How do we decide one particular group of people form this team, and another group form that team? What should be the line between them, and how do we know if we should have two teams, three teams or just one?
Often managers will start out with predefined teams - our first role will usually be taking over an existing team, whether one you’ve been in yourself, or one you’re joining. But as we grow, we really need to start thinking about why that team exists, and whether it’s a good idea or not. Many day-to-day dysfunctions can come simply from a team being poorly defined, or being misaligned with larger organisational structures or strategy.
What is a team?
A well-defined team ideally has a number of characteristics:
- Focus. A single, clear and strategically aligned goal.
- Autonomy. Empowered to make decisions within their required scope.
- Skills. Whatever is required to fully deliver within their scope, regardless of discipline.
- Size. Big enough to deliver - small enough to communicate directly.
How do we pull off all those things? Let’s dive in to each in a little detail.
Focus
This is the single most important step in defining a team - without focus, without purpose, a team is just a collection of people doing work.
Oftentimes a team will come with a predefined set of responsibilities, or with preassigned KPIs / metrics / whatever. If you are leading this team it’s your job to continually assess if these are correct and proactively hone the focus of your team, indefinitely. There is never a “correct” end state to this, only periods of stability and alignment, which, depending on the nature of your organisation, you are likely to drift out of over time.
Do not sleep on this. How well you are able to do this will determine a lot for your team - their results, their job satisfaction, their career growth, and so on. It’s very easy to get swept up in that river of endless work, but without their leader - you - your team will end up fighting the current instead of being carried along by it.
How do we evaluate or define our focus? I use a system called GOST - Goals, Objectives, Strategies, and Tactics. Regardless of what your organisation calls them - perhaps Missions, Metrics, and so on - the core ideas hold. And most often, you’re starting from Objectives someone else handed you.
With your team, sit down and work backwards from the numbers to a Goal (sometimes called a mission, or a vision). Your Goal should be stated as an outcome or an end state. Crucially, it should be completely free of metrics.
For example, let’s say you are a customer support team, and you have been give some Objectives like:
closed support tickets; NPS; customer complaints
A poor Goal might be: “get to zero open support tickets; reduce customer complaints by 10%; increase NPS by 1”. There are milestones, not goals - they measure progress. We’re trying to define what we’re measuring progress toward.

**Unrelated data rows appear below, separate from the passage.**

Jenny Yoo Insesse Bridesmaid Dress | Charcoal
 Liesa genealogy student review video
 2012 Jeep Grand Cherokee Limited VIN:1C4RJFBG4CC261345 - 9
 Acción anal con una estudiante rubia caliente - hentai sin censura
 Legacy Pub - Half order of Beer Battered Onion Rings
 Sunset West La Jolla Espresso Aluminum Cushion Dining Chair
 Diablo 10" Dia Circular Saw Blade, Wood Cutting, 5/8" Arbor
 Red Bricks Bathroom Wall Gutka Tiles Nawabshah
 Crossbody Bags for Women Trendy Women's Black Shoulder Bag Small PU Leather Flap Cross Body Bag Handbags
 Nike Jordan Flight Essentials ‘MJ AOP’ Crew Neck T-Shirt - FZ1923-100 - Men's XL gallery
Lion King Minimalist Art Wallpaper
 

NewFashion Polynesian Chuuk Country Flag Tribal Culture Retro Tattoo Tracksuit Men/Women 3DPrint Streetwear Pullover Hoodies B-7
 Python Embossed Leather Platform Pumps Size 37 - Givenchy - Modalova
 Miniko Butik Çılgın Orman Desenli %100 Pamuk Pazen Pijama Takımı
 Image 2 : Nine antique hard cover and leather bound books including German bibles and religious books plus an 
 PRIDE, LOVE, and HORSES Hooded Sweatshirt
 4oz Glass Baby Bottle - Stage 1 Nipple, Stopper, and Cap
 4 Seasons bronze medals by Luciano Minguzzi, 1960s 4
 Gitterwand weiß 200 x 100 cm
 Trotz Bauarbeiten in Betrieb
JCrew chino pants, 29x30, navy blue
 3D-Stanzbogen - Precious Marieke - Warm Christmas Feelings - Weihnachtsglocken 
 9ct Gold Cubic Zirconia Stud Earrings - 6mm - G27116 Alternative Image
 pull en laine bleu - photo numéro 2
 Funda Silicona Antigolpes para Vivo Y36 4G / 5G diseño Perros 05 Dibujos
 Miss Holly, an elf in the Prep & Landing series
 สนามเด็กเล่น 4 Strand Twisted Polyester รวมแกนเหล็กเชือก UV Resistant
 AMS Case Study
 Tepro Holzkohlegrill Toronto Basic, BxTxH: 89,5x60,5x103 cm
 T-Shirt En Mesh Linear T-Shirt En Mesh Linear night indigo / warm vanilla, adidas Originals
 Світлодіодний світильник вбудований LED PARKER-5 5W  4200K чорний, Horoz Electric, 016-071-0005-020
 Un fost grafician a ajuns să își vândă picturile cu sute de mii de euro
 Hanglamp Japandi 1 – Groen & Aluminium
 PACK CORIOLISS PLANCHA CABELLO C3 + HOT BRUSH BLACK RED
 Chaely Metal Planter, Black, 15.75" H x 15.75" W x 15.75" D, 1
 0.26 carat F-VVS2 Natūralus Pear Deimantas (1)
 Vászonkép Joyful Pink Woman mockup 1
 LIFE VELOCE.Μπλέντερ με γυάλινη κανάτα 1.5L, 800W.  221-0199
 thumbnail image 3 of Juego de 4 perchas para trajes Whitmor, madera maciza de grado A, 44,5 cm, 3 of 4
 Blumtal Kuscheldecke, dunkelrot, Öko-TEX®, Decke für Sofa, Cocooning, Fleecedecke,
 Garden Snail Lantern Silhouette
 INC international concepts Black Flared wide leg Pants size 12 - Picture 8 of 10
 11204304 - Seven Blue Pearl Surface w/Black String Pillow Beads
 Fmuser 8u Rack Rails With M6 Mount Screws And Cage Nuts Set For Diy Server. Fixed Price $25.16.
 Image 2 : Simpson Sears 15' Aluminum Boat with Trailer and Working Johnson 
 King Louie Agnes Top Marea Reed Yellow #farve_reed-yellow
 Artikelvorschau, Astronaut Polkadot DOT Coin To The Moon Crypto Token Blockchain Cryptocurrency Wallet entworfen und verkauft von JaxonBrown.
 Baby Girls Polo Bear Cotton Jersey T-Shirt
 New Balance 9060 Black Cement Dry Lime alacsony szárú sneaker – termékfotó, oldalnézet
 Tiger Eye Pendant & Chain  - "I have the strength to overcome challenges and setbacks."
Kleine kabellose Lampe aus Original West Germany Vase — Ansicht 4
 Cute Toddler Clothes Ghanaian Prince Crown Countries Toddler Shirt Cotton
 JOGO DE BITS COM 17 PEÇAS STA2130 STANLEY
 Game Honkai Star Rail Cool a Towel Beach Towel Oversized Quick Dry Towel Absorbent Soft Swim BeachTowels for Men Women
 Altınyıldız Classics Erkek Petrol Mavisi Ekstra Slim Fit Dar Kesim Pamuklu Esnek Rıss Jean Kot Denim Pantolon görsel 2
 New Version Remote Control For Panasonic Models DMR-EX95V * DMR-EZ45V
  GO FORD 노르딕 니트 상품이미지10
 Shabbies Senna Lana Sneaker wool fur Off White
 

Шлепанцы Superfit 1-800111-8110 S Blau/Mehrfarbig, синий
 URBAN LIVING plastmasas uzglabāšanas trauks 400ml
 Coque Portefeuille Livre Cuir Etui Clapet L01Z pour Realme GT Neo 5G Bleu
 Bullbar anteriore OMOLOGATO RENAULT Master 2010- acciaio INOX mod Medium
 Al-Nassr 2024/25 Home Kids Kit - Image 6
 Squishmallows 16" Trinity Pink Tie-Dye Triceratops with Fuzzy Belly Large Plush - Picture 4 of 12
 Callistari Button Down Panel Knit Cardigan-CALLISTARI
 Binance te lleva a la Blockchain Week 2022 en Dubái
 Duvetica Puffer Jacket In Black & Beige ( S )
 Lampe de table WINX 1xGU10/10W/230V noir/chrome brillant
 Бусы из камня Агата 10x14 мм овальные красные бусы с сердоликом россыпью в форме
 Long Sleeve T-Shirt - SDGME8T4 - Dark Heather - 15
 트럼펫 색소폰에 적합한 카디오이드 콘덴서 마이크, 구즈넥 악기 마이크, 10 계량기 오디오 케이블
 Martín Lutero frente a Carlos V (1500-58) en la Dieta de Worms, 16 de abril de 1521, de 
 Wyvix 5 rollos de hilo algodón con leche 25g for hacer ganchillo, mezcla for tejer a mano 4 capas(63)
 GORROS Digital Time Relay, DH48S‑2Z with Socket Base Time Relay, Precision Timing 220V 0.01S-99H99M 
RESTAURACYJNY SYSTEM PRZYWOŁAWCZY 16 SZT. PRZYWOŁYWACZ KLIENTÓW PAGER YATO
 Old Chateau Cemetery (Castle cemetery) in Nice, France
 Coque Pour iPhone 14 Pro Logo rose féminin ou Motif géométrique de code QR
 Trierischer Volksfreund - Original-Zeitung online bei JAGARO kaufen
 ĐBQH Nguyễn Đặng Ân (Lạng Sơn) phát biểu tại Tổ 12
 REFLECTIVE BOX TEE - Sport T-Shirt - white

A good Goal might be: “to ensure every customer has a positive experience with our product, even when it breaks”.
Which would you rather be doing: chasing numbers, or helping people? We’re not foregoing the metrics, they’re still there, but the purpose and focus of our work - the why - is much clearer.
Strong internal motivation rests on two sides of the same coin:
- Service. We are wired to help each other - when people say they lack purpose, what they often lack is the feeling they are being of genuine service to another person.
- Responsibility. We want to own things - when people say they lack meaning, what they often lack is the feeling they have an important role in the group.
So, if your team has a Goal that encodes how your team is of service to others and what they are responsible for, then you’ll have a rock-solid foundation for your team’s focus.
Autonomy
For a team to be highly effective it must be empowered to make decisions on-the-go without getting blocked waiting for approvals. If you are the manager above this team, that means you are responsible for putting a lead in place, or coaching that lead into place, with the goal of letting go, yourself.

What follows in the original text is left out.